* [MATERIAL FOR THE TASK]:
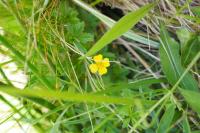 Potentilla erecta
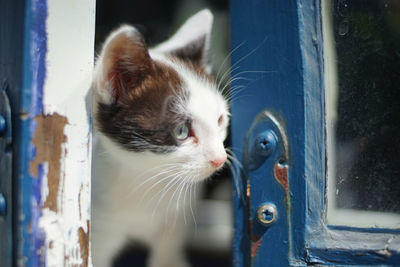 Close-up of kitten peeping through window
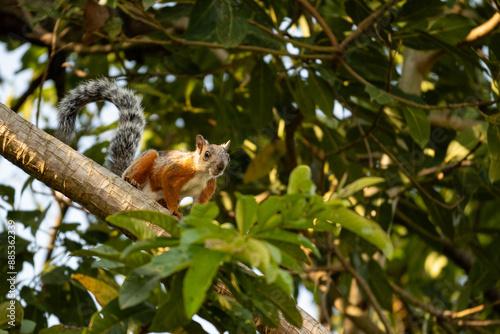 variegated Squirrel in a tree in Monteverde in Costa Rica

---

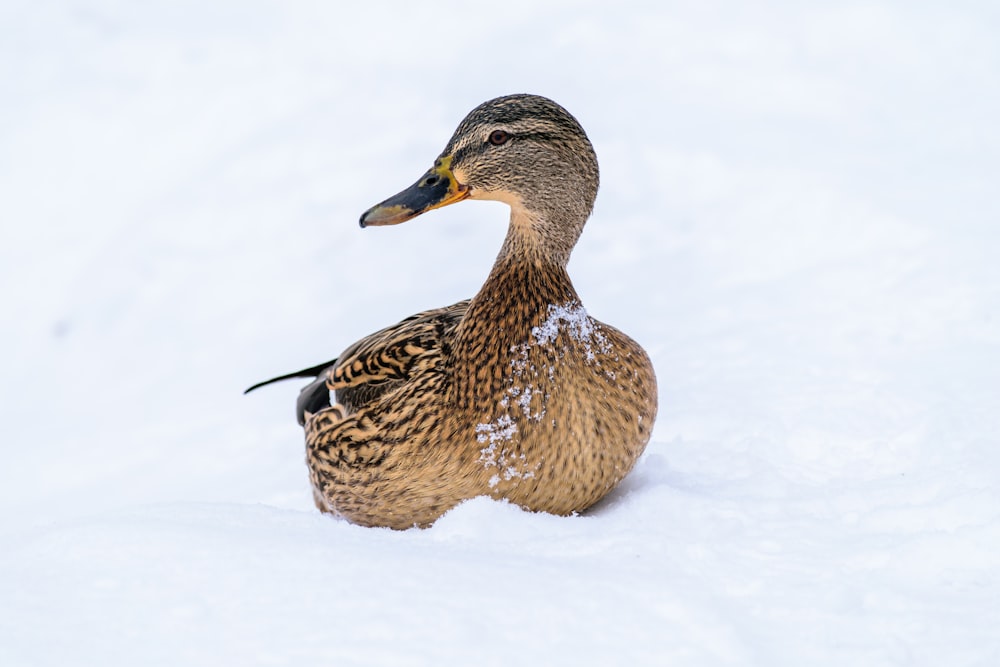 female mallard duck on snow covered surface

...

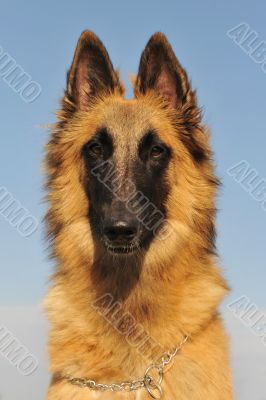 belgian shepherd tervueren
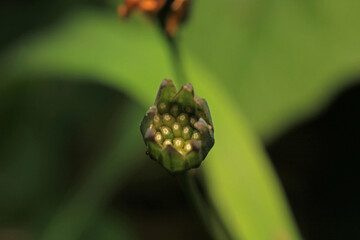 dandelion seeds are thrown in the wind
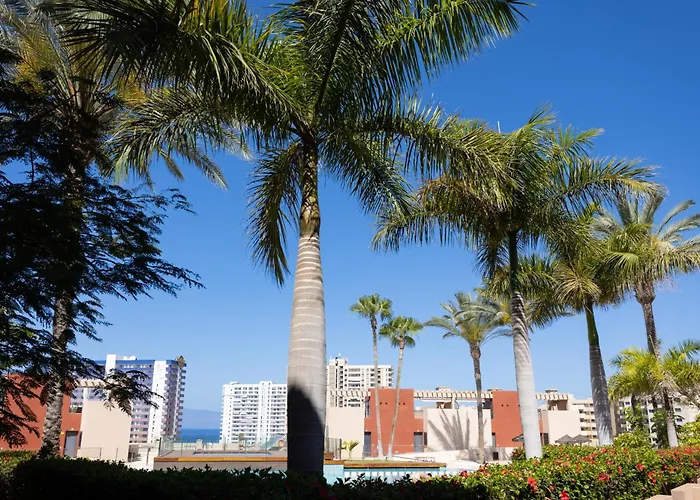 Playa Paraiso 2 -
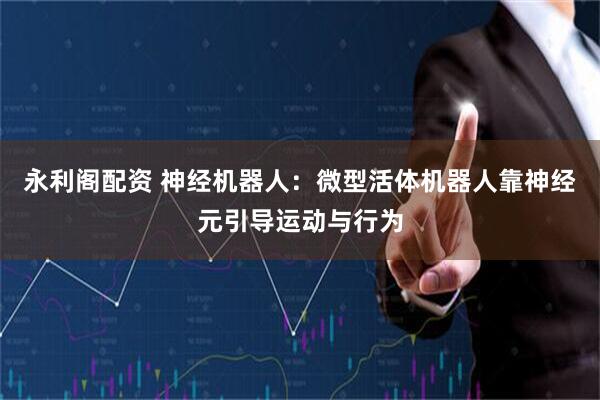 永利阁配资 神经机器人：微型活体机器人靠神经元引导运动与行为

* [WHAT THE TASK REQUIRES]: In the listing above, find the line containing "dandelion seeds are thrown in the wind" and the line containing "永利阁配资 神经机器人：微型活体机器人靠神经元引导运动与行为", then write out both of them and every line between, exactly, with no pictures.

* [SOLUTION TO THIS TASK]:
 dandelion seeds are thrown in the wind
 Playa Paraiso 2 -
 永利阁配资 神经机器人：微型活体机器人靠神经元引导运动与行为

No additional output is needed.